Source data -
————

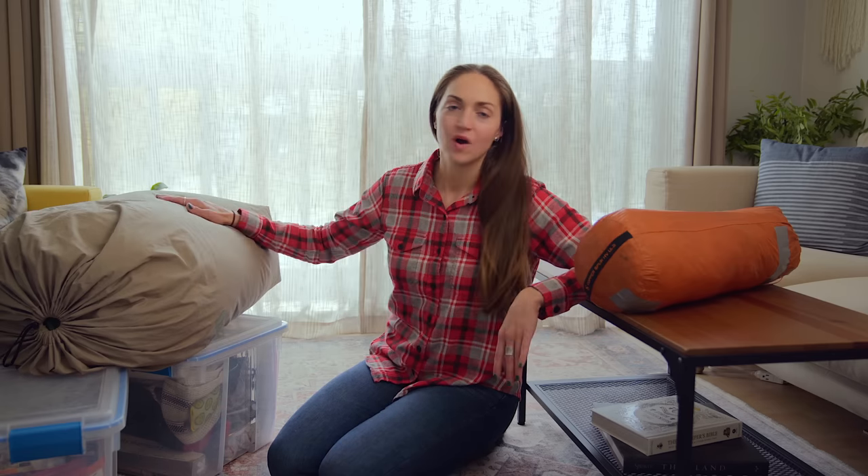So those are the important things I think about and clean when it comes to my camping gear. Again, you just want everything to be dry, and you don't want to be storing your sleeping bag compressed.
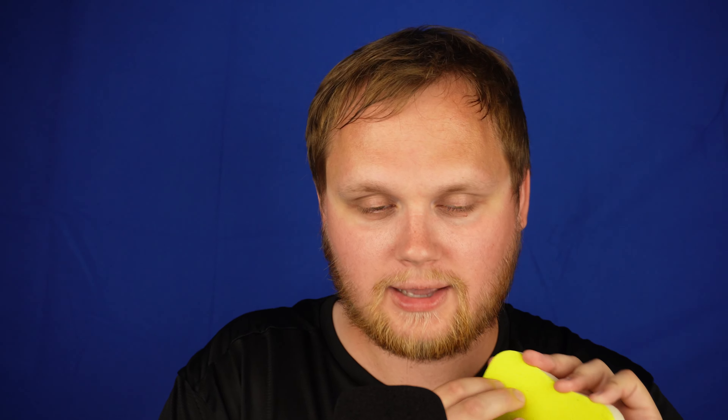I'll be tapping far and close and you have to tell me which one was close. One was close. Two was close. Both were close. Yes.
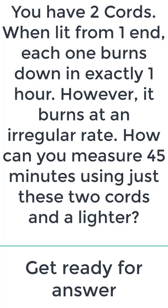You have two cords. When lit from one end, each one burns down in exactly one hour. However, it burns at an irregular rate. How can you measure 45 minutes using just these two cords and a lighter?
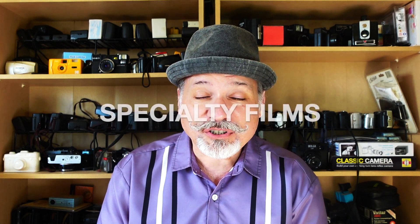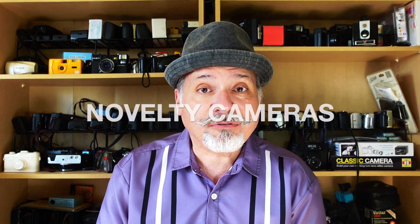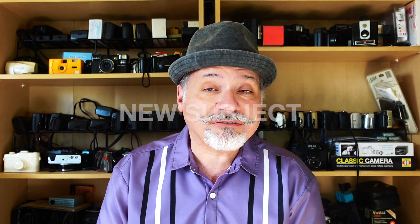Number one: new process. Number two: specialty films. Number three: filters. Number four: novelty cameras. And number five: different subject matter. Today we're looking at category number two, specialty films.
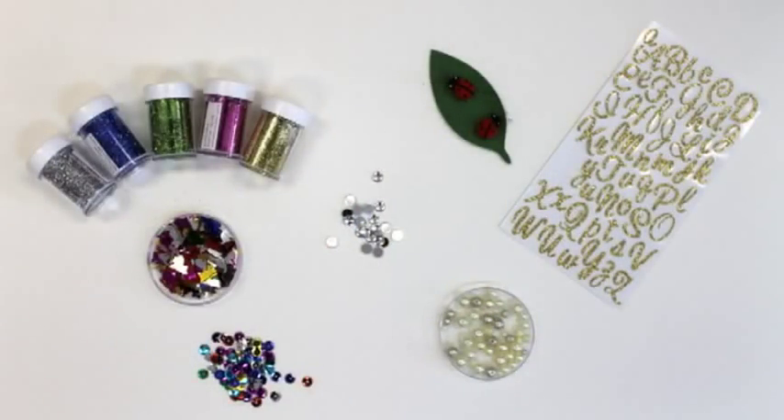To decorate the puzzle piece, you can use all kinds of materials: sequins, beads, feathers, ribbons, and so on. Let go your imagination and create.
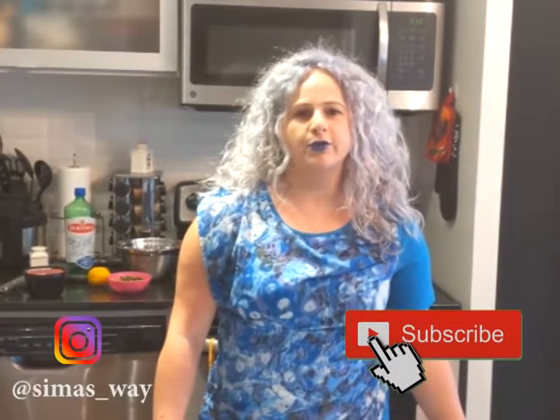Don't forget to subscribe to my YouTube channel and follow me on Instagram simasway. For the recipe we need the following ingredients.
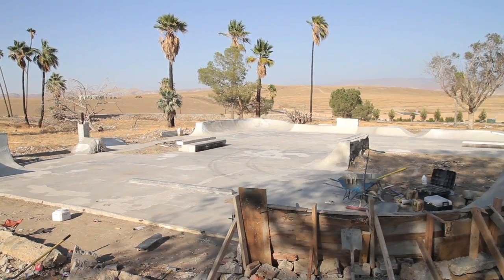Hey, what's up? It's Al Partnan back out here at Kernside DIY in Bakersfield, California. Today we're going to pour a concrete bull corner.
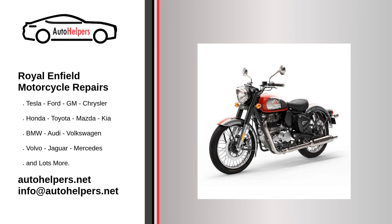Royal Enfield Motorcycle Repairs. If you're looking for help fixing your Royal Enfield motorcycle, look no further. Our comprehensive Royal Enfield Motorcycle Repair Guide will explain common issues, provide tips, and maybe show you how to repair your vehicle.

————

WHAT IS REQUIRED - Repeat only the lines from the one with "Hey, what's up?" through the end of the data, both included and exactly as written. Pictures stay out of the copy.

YOUR SOLUTION -
Hey, what's up? It's Al Partnan back out here at Kernside DIY in Bakersfield, California. Today we're going to pour a concrete bull corner.
Royal Enfield Motorcycle Repairs. If you're looking for help fixing your Royal Enfield motorcycle, look no further. Our comprehensive Royal Enfield Motorcycle Repair Guide will explain common issues, provide tips, and maybe show you how to repair your vehicle.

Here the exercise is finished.